Nokia completed a business restructuring at the end of last year. The company split its business into two core units:

  1. Network Infrastructure focuses on connectivity equipment for AI data centers

  2. Mobile Infrastructure takes over the traditional mobile network equipment business. Other non-core assets are packaged into the “investment portfolio,” while defensive businesses are incubated separately

In simple terms: Nokia is betting its future on “data center connectivity,” keeping its legacy businesses going after bundling them, and then focusing on moving forward.

The numbers from this quarter initially validate that logic. CEO Justin Hotard said that, within the company’s annual guidance for adjusted operating profit of between €2 billion and €2.5 billion. During the earnings call, he specifically pointed out that AI and cloud customers are the main sources of growth this quarter, rather than the traditional mobile device business.

What Nvidia’s $1 Billion Purchase Is About

Nvidia took a stake in Nokia with $1 billion last year and will provide AI computing equipment for the AI-driven upgrade of wireless networks via its connectivity.
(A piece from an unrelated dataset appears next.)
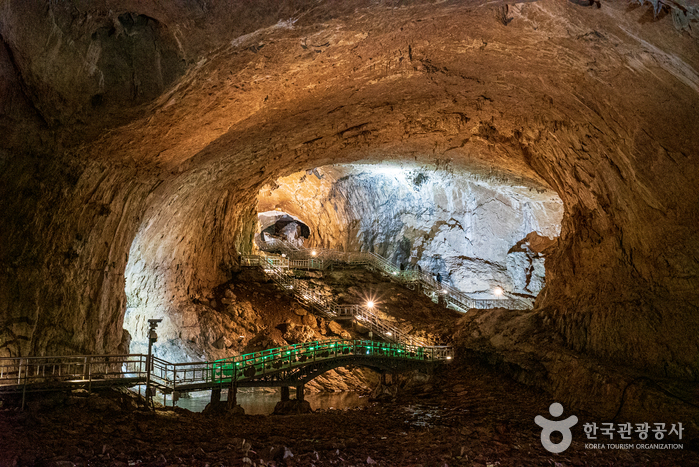 Höhle Hwanseongul (Höhlensystem Daei-ri) (환선굴 (대이리 동굴지대))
Customer trials are expected to begin later in 2026, and there are already 10 customers that have confirmed participation.

The logic behind this investment is worth breaking down. Nvidia’s moat has been built over the long term on data center GPUs, but with rising demand for AI inference—that is, the computation required for each time an AI model responds to user requests—moving from the cloud to the edge network, wireless infrastructure has become the new battleground. Nokia’s mobile device technology, combined with Nvidia’s computing power, creates an attempt to “enable telecom towers to run AI.”

$1 billion isn’t charity; it’s Nvidia’s plan for the next layer of computing infrastructure, and Nokia is part of the entry ticket.

Ericsson’s Warning, Nokia’s Opportunity

Nokia’s biggest European competitor, Ericsson, released another version of the story last week. Bloomberg reports that Ericsson’s earnings fell short of analysts’ expectations and that the company warned that a surge in chip demand is driving up costs.

This comparison is worth looking at closely: both are European mobile device duopoly players, yet Nokia beat expectations this quarter while Ericsson fell short. The difference isn’t just execution capability; it’s the result of strategic choices. Nokia placed its bets earlier on AI infrastructure connectivity, while Ericsson has been struggling with chip-cost pressure in its traditional business.

Of course, Nokia’s transformation has only just entered its first full financial quarter. The impressive numbers in this quarter are an initial signal of “the transformation looks promising,” not a final confirmation that the transformation has succeeded. Sales in the Network Infrastructure segment were slightly below expectations, reminding the market that while AI data center connectivity is growing, its scale is still limited in the short term.

The question Nokia faces next is how to turn Nvidia’s partnership into repeatable customer revenue—rather than just a story that excites investors.